In placing the environmental technology on the market, a number of requirements may be required by the market or specific users before the technology is accepted or can be sold. These “barriers” include:
• Validation: customers and users of the technology, particularly for integrated solutions, often require that the technology is tested for performance, reliability and durability within a system of other technologies to ensure compatibility, efficiency and cost-effectiveness. Pilot and demonstration projects are often common place in such circumstances before the customer commits to a purchase. Giving potential customers the confidence in the technology to undertake validation is therefore important.
• Verification: where there is no opportunity for the customer to test the performance of the technology before making a purchase decision, they may have to rely on test data and the claims provided by the developer to make purchasing decisions. In such cases, the customer may require verification that the test results are credible, that the technology is fit for purpose and that it “does what it says on the tin”. Verification may also be used to complement the Validation stage (above) by ensuring that measurements taken from a demonstrated technology are repeatable in other contexts. This could potentially avoid the need to repeat the demonstration for different customers.

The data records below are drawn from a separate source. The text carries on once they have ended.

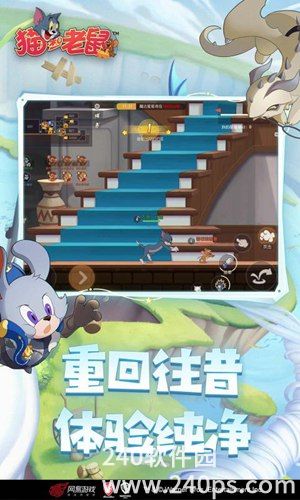 浩初手游及猫咪官方入口 下载,实地数据解释定义|YE版_v7.597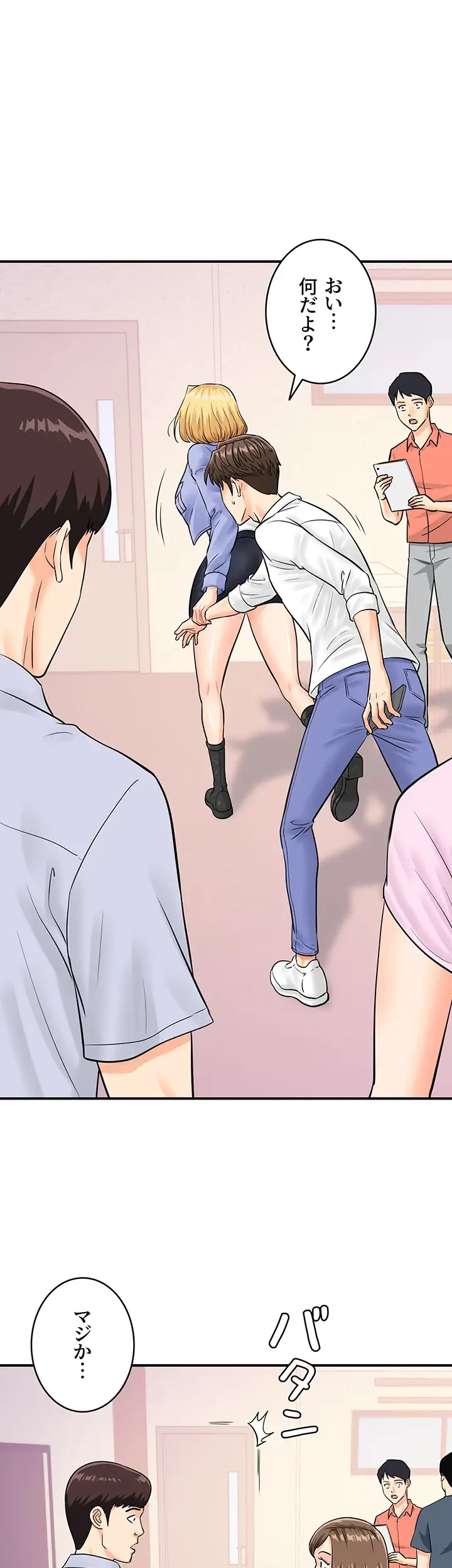 バーコードをスキャンして 第11話 - 5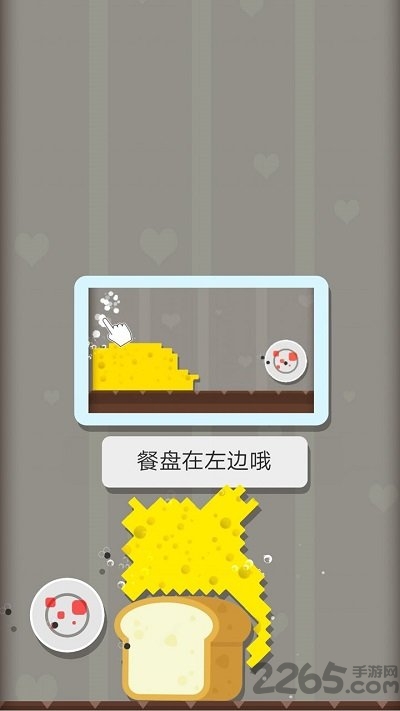 赶跑病毒游戏下载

Both approaches are important for gaining market acceptance and awareness of new technology, but equally can assist market entry as distributors become more confident in the technology.
• Certification: often required by the market to ensure that the technology complies with any health, safety, environmental or other such standards and legislation necessary for the environmental technology to be accepted by users or is permitted to be placed on the EU or third country market. In the absence of certification or standards in a particular sector, credible information on new technology can become ever more important for market entry and acceptance. While the above procedures may only need to be completed once per Member State or other leading market, the economic feasibility of the technology might require access to more than one market, in which case, multiple verification and certification procedures represent a significant barrier for developers and distributors. A lack of an internal market in Europe and recognition further afield for many new technologies is therefore another problem in addition to each of the “barriers” denoted above, preventing the bringing to market and uptake of environmental beneficial technologies. Figure 2-1, depicts the technology development process. An indication of the number of technologies reaching each stage is represented by the inverted triangle, showing that while many innovations begin the process, only a small proportion are expected to make it to market.

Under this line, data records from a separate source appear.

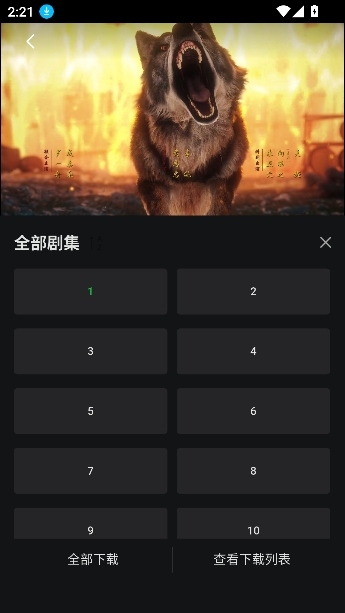 小柠檬影视官方正版下载 小柠檬影视官方正版下载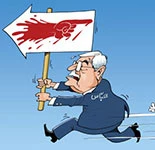 فرارابومازن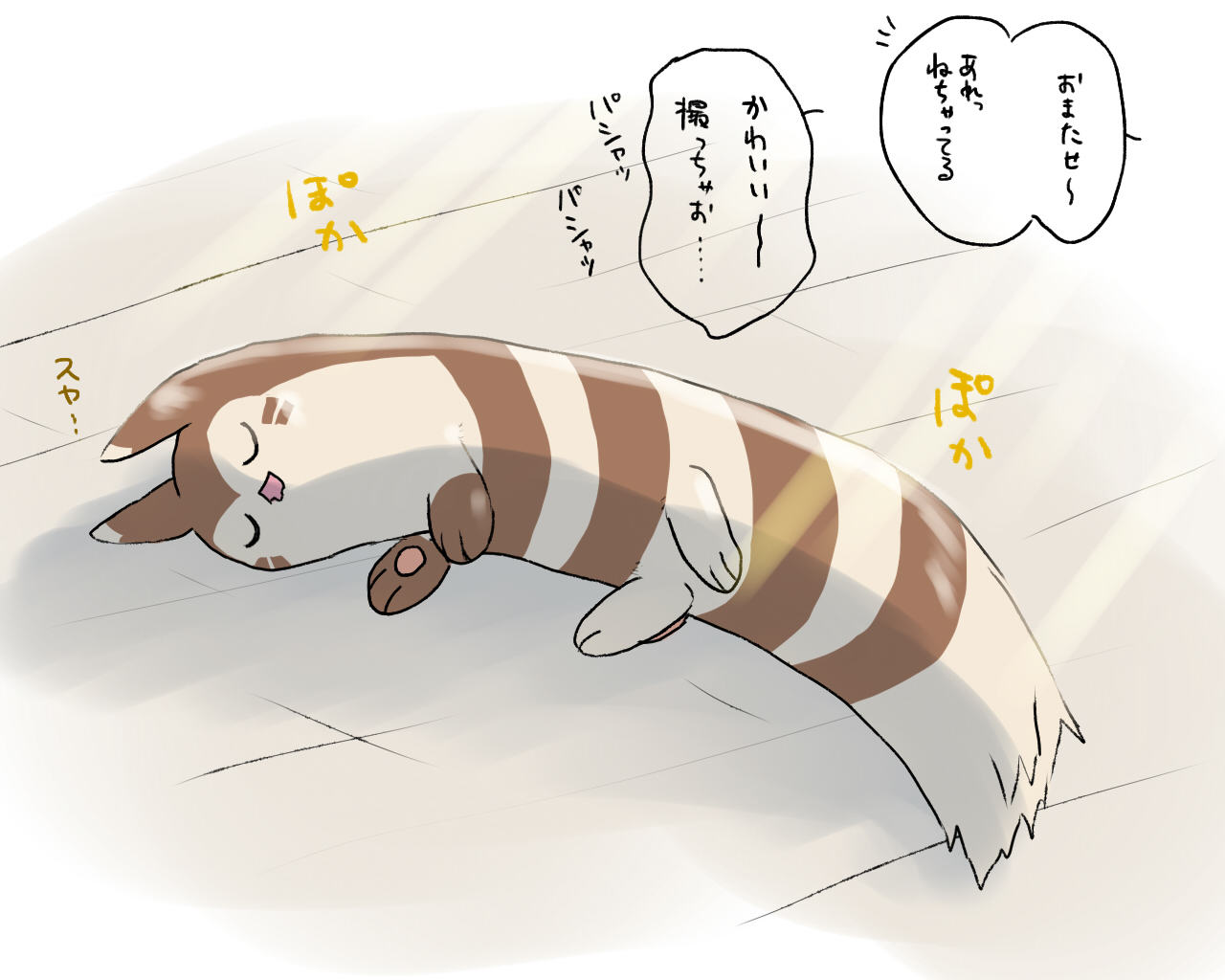 あいうえおー AZONE INTERNATIONAL::えっくす☆きゅーと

Figure 2-1: Schematic of the technology development process
Source: EPEC
With reference to Figure 2.1, the objective of the ETV is to ensure that beneficial environmental technologies do make it to market and are adopted by users. Importantly in this process, the ETV should not pick winners and losers in the market, but instead ensure that winners are identified by developers and investors early on in the process and users recognise the benefits of the technology to promote rapid uptake compared to the counterfactual (i.e. the level of technology take-up which would occur in the absence of ETV).